* Work to be completed
All entries must be repeated exactly; do not include the pictures.

—————

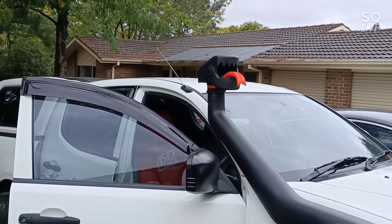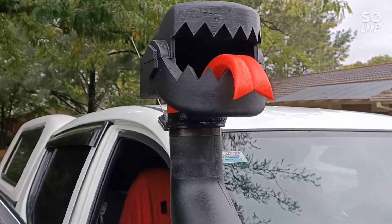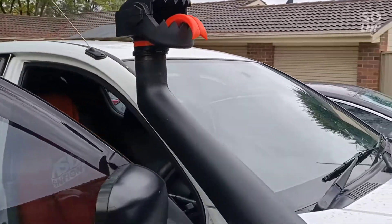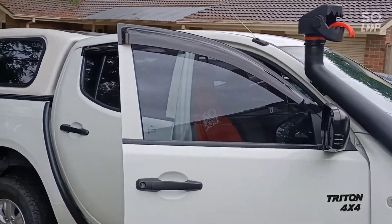G'day people, how yous all doing? Anyway, let's go for a drive with a snorkel head. Let's see if it holds together. Something a bit different? Alright, we'll go for a spin.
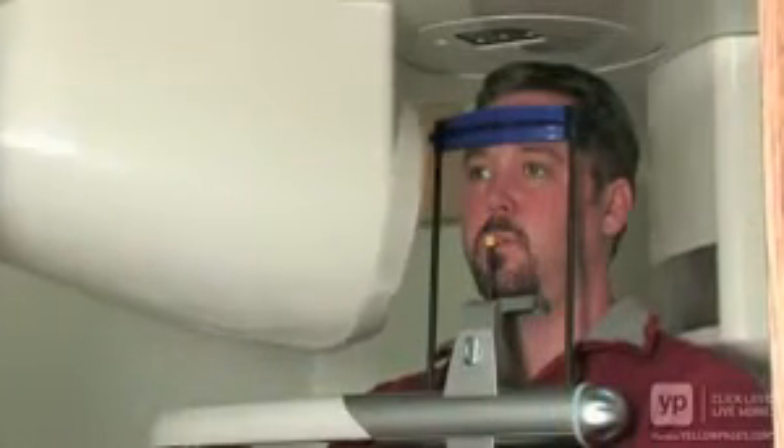This is the Galileos cone beam X-ray made by Sirona in Germany. It gives us the ability to look at the dental structures that we're interested in in three dimensions.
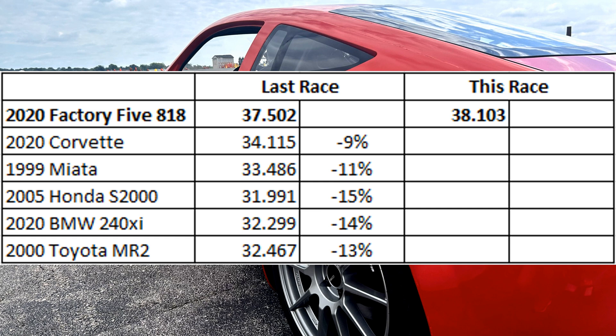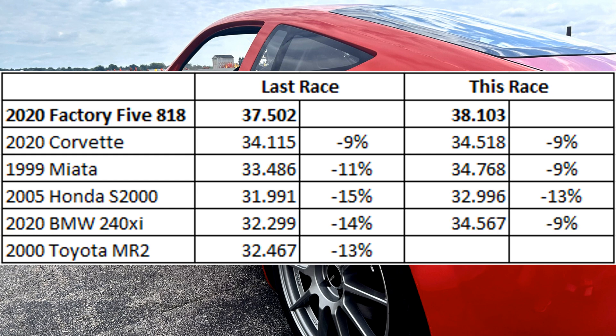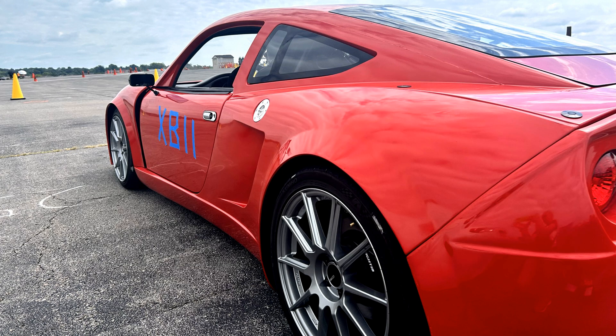Has my new alignment helped me catch any of the cars from last race? The Corvette was still nine percent faster than me, so no gains there, but I did close the gap by two percent on one of the Miatas. I also gained two percent on an S2000 in a similar extreme street category, five percent on a stock BMW 240xi, and two percent on a turbo MR2 in the same extreme street class as me. So I am catching up to stock and modified cars, which is great news. The car definitely has a lot more grip and is feeling a lot sharper. I still have about a 10% gap to make up though. Luckily at this race one of my friends offered to lend me his scales so I can corner balance the car — and when I put the car on the scales it was wildly unbalanced. I'm extremely excited to share that video with you next. Let's see if we can close the gap even more next time — thanks for watching.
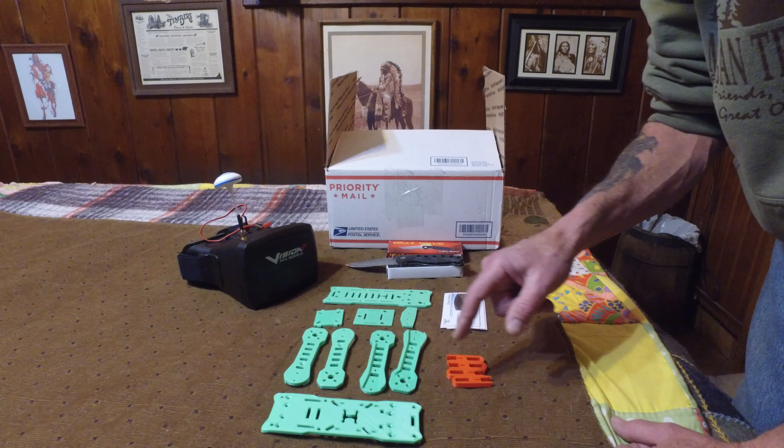And a special surprise — a Frost Cutlery bucket knife. I do collect knives. It's the Frost Cutlery Heat Wave — very nice knife. I collect knives, I like to collect guns, ammo — gotta have ammo to go with your guns. So yeah, Chris sent me some very cool stuff. I thank you very much, Chris.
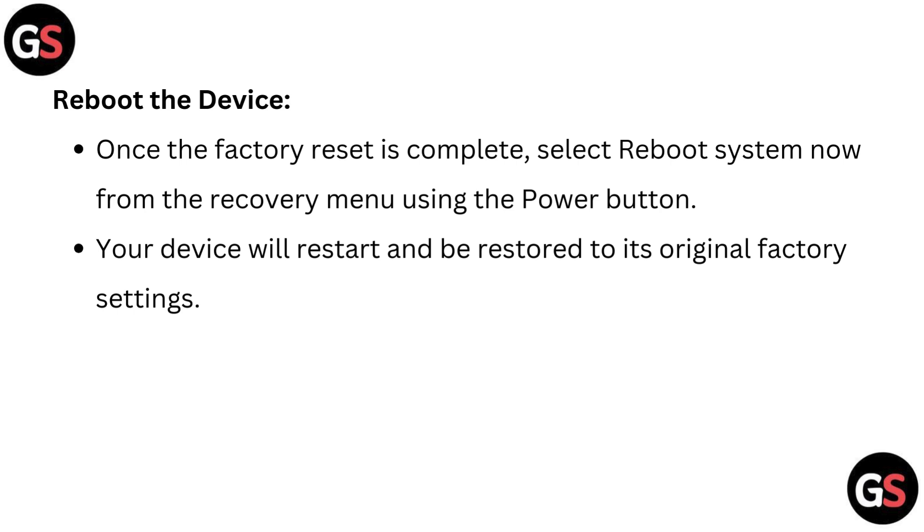Reboot the device. Once the factory reset is complete, select reboot system now from the recovery menu using the power button. Your device will restart and be restored to its original factory settings.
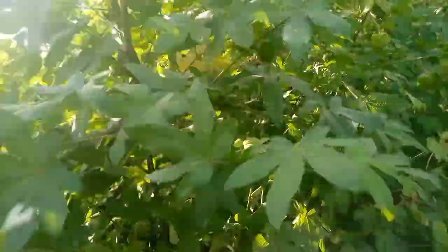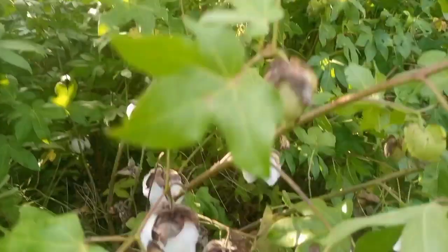That's right, my dear. Today I'm going to show you the details of the cotton.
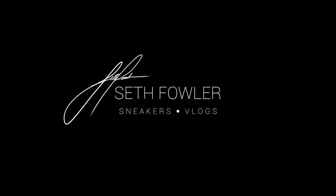What's up everybody? It's Seth Fowler and today I'm reviewing the Harden Volume 1 LS. Thanks so much for tuning in today guys. Make sure to hit that subscribe button down below if you haven't yet. But with all that being said, let's get into it.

—————

* Task solution
G'day people, how yous all doing? Anyway, let's go for a drive with a snorkel head. Let's see if it holds together. Something a bit different? Alright, we'll go for a spin.
This is the Galileos cone beam X-ray made by Sirona in Germany. It gives us the ability to look at the dental structures that we're interested in in three dimensions.
Has my new alignment helped me catch any of the cars from last race? The Corvette was still nine percent faster than me, so no gains there, but I did close the gap by two percent on one of the Miatas. I also gained two percent on an S2000 in a similar extreme street category, five percent on a stock BMW 240xi, and two percent on a turbo MR2 in the same extreme street class as me. So I am catching up to stock and modified cars, which is great news. The car definitely has a lot more grip and is feeling a lot sharper. I still have about a 10% gap to make up though. Luckily at this race one of my friends offered to lend me his scales so I can corner balance the car — and when I put the car on the scales it was wildly unbalanced. I'm extremely excited to share that video with you next. Let's see if we can close the gap even more next time — thanks for watching.
And a special surprise — a Frost Cutlery bucket knife. I do collect knives. It's the Frost Cutlery Heat Wave — very nice knife. I collect knives, I like to collect guns, ammo — gotta have ammo to go with your guns. So yeah, Chris sent me some very cool stuff. I thank you very much, Chris.
Reboot the device. Once the factory reset is complete, select reboot system now from the recovery menu using the power button. Your device will restart and be restored to its original factory settings.
That's right, my dear. Today I'm going to show you the details of the cotton.
What's up everybody? It's Seth Fowler and today I'm reviewing the Harden Volume 1 LS. Thanks so much for tuning in today guys. Make sure to hit that subscribe button down below if you haven't yet. But with all that being said, let's get into it.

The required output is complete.